Becoming a Veterinary Technician is something I have wanted to do since I was about 12 years old. Now that I have finished school I can proudly call myself a veterinary technician! Although I am not yet registered, there is still a lot of work that goes into the three years of school before you are eligible to write your licensing exam. I was fortunate enough to get accepted to St. Lawrence College for their Veterinary Technology program — a 3 year long program that includes 5 semesters of classes and 1 semester of placement.
I still remember my first day walking into class terrified as I did not know anyone else in the program or what to expect. My previous college education was in behavioural psychology. Little did I know that throughout the program it would make me fall more in love with veterinary medicine.
Before going to school, I had little experience with veterinary medicine other than bringing my dog to the veterinary office for his vaccines and annual exams. During most of my schooling, I worked part-time as a waitress so I felt a little out of place when I found out my classmates had experience working on their families’ farms or through other co-op placements. However, I was determined to finish this program and give it my best shot.

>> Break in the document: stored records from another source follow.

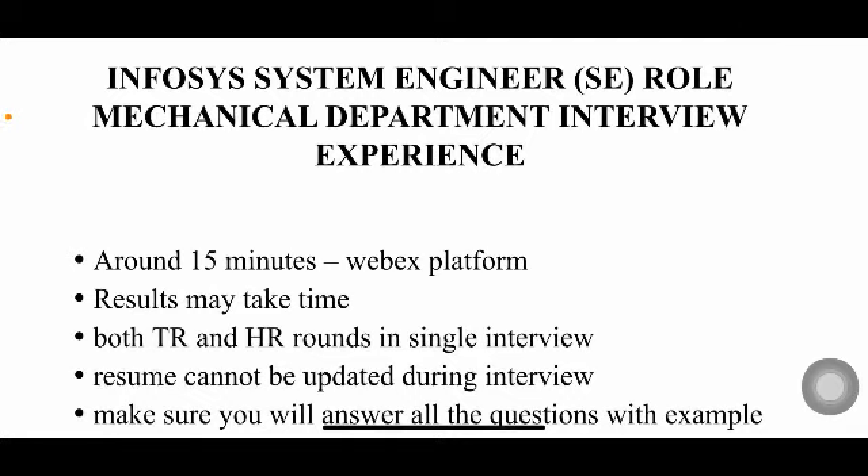Hello everyone, welcome back to my YouTube channel. In today's video I'm going to share the Infosys System Engineer role interview experience of a mechanical department student. So many people are asking me to share a mechanical department interview experience, because mechanical or any other departments like civil, EEE, or ECE won't have as much technical knowledge as CS students do in areas like DBMS, Java, or C.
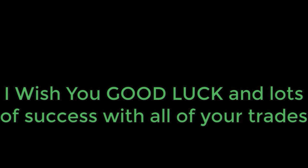If you're still watching this video I just want to say thank you so much — I really appreciate it. I also want to wish you good luck and lots of success with all of your trades.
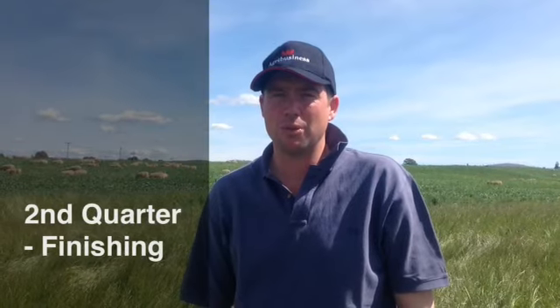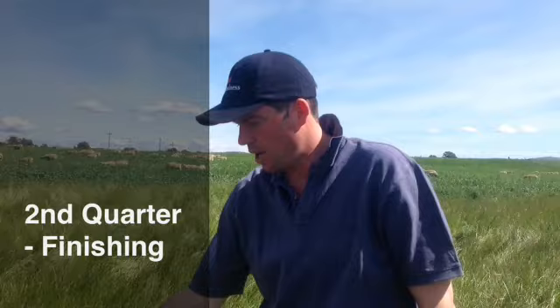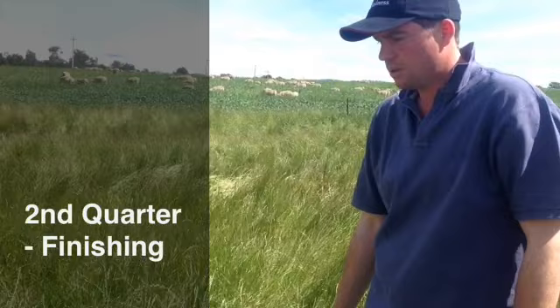Our final key decision point for this quarter is finishing lambs. It's important that when we wean our lambs, they go on to either a fodder crop, like below, or high quality, short, green ryegrass pasture. What we have here is ryegrass pasture that has just got a bit too far away and it's not the best quality for lambs.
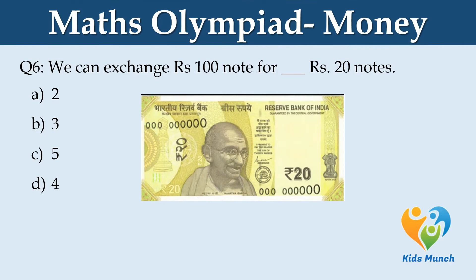We can exchange a Rs. 100 note for how many Rs. 20 notes? Option A: 2. Option B: 3. Option C: 5. Option D: 4.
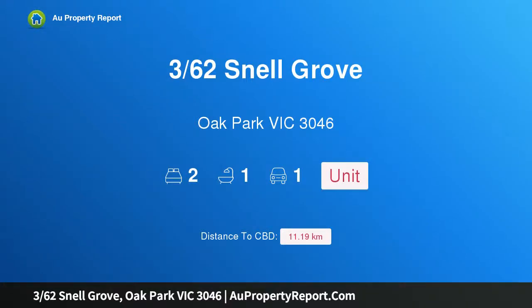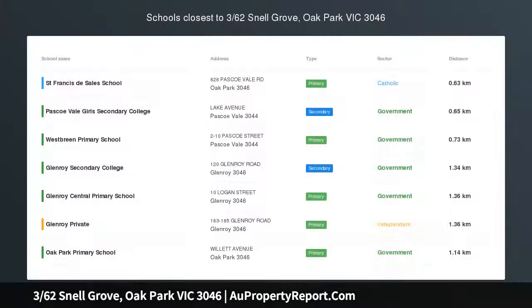Hi, I am glad to introduce Property 362 Snell Grove, Oak Park Victoria 3046. First-time Buyers Special.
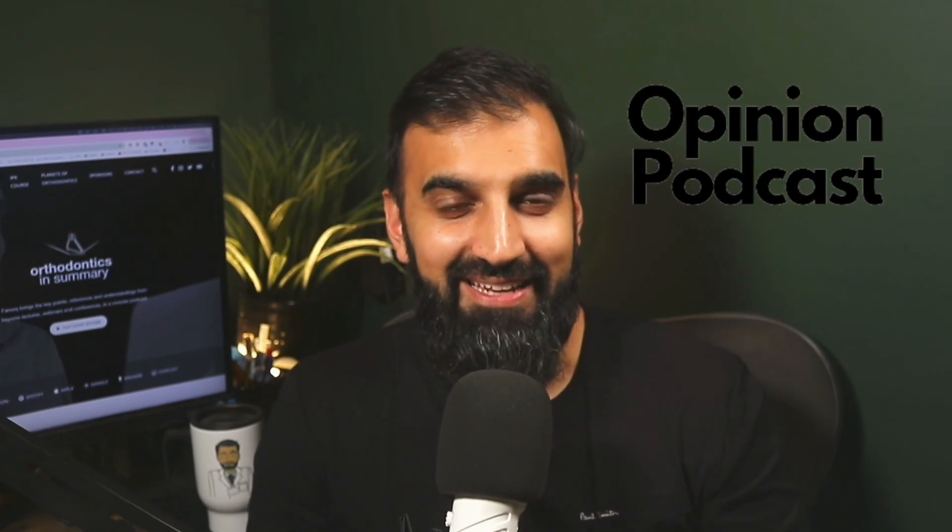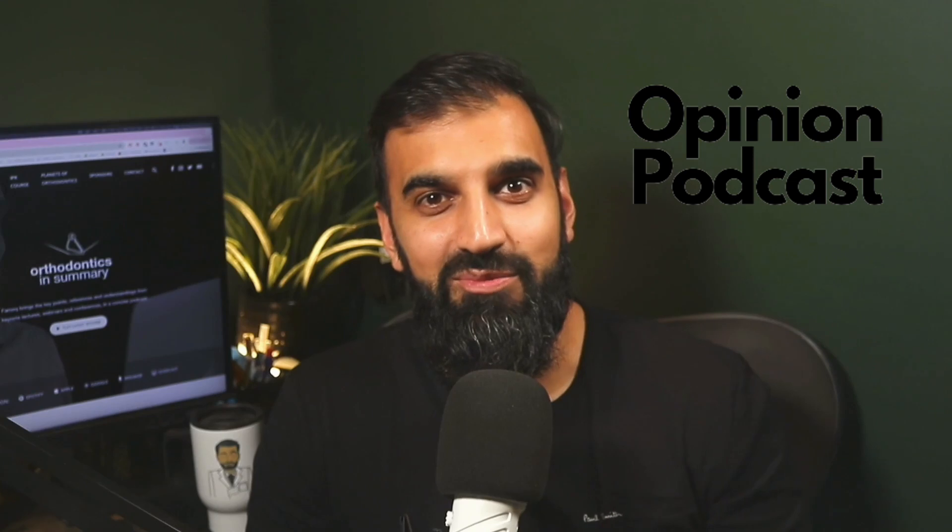Welcome to this episode of Orthodontics in Summary. Today's podcast is looking at LightForce, a relatively recent digital innovation within orthodontics. This is a slightly different podcast where I'm going to review how LightForce works, the proposed advantages and claims, and the emerging research about this digital integration into orthodontics.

For those unfamiliar with the role of a veterinary technician, it is hard to imagine what is taught in school or how hard the program can be. It is far from cuddling kittens and puppies while studying. It involves long hours and a huge commitment — from the lengthy lecture hours and labs to the weekend animal care shifts. The long hours of study were physically and emotionally exhausting, but well worth it.
Through my schooling I learned about anatomy, physiology, how to take x-rays and the theory that goes along with it, proper animal restraints, blood collection techniques and how to run bloodwork, surgical skills and much more. Needless to say, I was pushed out of my comfort zone and learned new skills.
The summer before my final year of school I was lucky enough to get a job at Kingston Veterinary Clinic working at the front desk as well as working as a kennel attendant. I have been able to use what I learned in school to communicate and educate our clients as well as work hands-on with their pets. It has been a great experience and has shown me all the amazing reasons that started me on this journey in the first place. From learning how to administer medications on mice and rats, to learning how to collect blood from cattle, I am thankful for everyone who has helped me achieve my goal.
If you know someone who wants to become a veterinary technician or you yourself are interested, I would highly recommend shadowing someone in the profession and making sure it is the right path for you.